The relative weakness of even our most advanced students is confirmed by scores on the advanced physics and mathematics components of the 1995 Third International Mathematics and Science Study (TIMSS), which is administered only to students who have taken these courses. In physics the United States scored significantly lower than 14 of the 15 participating countries; in advanced math U.S. scores were significantly lower than those of 11 of 15 participating countries. On neither exam was the U.S. score significantly higher than that of any other nation. Nor did we register any improvement from the Second International Mathematics Study, conducted in the early 1980s.

Diluting the Solution

These divergent trends-simultaneous increased enrollment in academic courses and stagnant achievement-suggest an hypothesis: in order to accommodate a wider range of student abilities and previous attainments in academic courses, the content of those courses has been diluted. This may be the inevitable consequence of policies that stress uniform academic treatments for all students.

First consider evidence from studies of curriculum and textbooks. The serious deterioration of textbook content appears to have begun in the 1960s. The late Jeanne Chall and Sue S. Conard studied widely used textbooks covering the period from 1945 to 1975 and noted, “On the whole, the later the copyright dates of the textbooks for the same grade, the easier they were, as measured by indices of readability level, maturity level, difficulty of questions, and extent of illustration.”

There is reason to believe that curriculum materials have continued to weaken since the publication of Risk. The so-called “math wars” were prompted by the release of newer texts seen as grossly inadequate because of their deemphasis of rich content. The unchallenging curriculum stimulated the growth of parent-led protest organizations such as HOLD and Mathematically Correct. Many of the offending new mathematics programs were sponsored by, of all institutions, the National Science Foundation.
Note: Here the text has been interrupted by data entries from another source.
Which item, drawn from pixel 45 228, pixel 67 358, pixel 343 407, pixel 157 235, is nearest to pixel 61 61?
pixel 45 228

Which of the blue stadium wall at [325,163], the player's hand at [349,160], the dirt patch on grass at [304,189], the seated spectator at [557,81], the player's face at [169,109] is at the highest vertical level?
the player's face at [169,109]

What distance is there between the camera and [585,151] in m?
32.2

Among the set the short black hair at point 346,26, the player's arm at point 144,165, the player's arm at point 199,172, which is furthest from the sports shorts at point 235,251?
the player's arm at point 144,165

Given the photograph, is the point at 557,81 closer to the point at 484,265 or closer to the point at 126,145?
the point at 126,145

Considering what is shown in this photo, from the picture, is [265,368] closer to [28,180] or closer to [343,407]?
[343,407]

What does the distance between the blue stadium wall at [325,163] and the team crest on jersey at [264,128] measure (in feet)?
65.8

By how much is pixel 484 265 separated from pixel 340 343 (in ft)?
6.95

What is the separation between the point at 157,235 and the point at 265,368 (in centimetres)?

For instance, one of these programs, the Core-Plus Mathematics Project, was found by a reviewer to have “generated massive resentment among the students who were the experimental subjects during early implementation. Many students found themselves ill prepared for college, even though they came from highly educated homes and had a high likelihood of success.” Just one example of the sheer vacuity of Core-Plus is that it had no section at all on factoring polynomials.
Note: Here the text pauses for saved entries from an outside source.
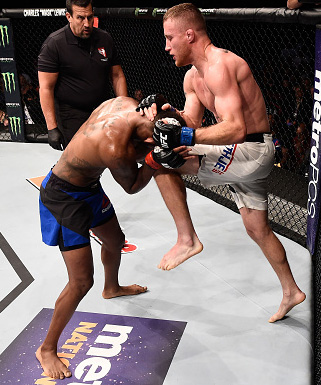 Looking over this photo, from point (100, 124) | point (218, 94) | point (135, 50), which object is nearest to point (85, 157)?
point (100, 124)

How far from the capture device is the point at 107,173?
5477 mm

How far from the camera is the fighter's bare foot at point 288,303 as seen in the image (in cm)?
293

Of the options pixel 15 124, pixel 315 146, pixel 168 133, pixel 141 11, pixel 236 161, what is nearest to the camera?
pixel 168 133

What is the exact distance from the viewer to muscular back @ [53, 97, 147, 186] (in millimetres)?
2275

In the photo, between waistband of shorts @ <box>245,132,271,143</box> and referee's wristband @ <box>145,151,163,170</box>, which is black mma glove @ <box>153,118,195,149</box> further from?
waistband of shorts @ <box>245,132,271,143</box>

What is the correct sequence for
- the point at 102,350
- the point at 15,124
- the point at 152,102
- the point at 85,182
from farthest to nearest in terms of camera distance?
the point at 15,124
the point at 102,350
the point at 85,182
the point at 152,102

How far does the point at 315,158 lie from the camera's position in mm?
3449

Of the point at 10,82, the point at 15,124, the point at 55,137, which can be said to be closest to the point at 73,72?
the point at 55,137

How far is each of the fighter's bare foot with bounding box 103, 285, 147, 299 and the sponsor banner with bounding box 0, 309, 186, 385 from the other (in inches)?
6.9

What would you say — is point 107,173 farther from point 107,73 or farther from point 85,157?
point 85,157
Another measure of the degree to which high-school academic courses have been watered down is provided by achievement scores in districts and schools where more children are taking academic courses. Consider data on algebra enrollments and achievement from California. There is a negative partial correlation of .67 between enrollment and achievement among individual schools in 8th-grade algebra, meaning that high enrollment percentages in algebra were correlated with lower scores. This was after controlling for students’ mean achievement in 7th-grade math the previous year, which establishes that the correlation is not simply the result of diluting the test-taking pool with more students.

This suggests that the more students a school enrolls in algebra, the more school officials feel the need to use curriculum materials with less challenging content. Flooding academic courses with underprepared students may have had the net effect of driving the rigor out of these courses.

The best course of action is for high schools to reinstate truly rigorous academic courses, but to differentiate among students with respect to the extent and rate of progress through the sequence of courses. For example, multiple levels of diplomas could be offered based on courses completed, although this progress should still be verified by external exams, as in the International Baccalaureate program. This would be a major improvement over the other form of differentiated curriculum (rigorous content for the college-bound, nonacademic content for the rest) that A Nation at Risk warned against, while also respecting the fact that not all students can handle the same lockstep schedule of rigorous courses.

Williamson M. Evers is a research fellow at the Hoover Institution. Paul Clopton is a biomedical research statistician with the U.S. Department of Veterans Affairs.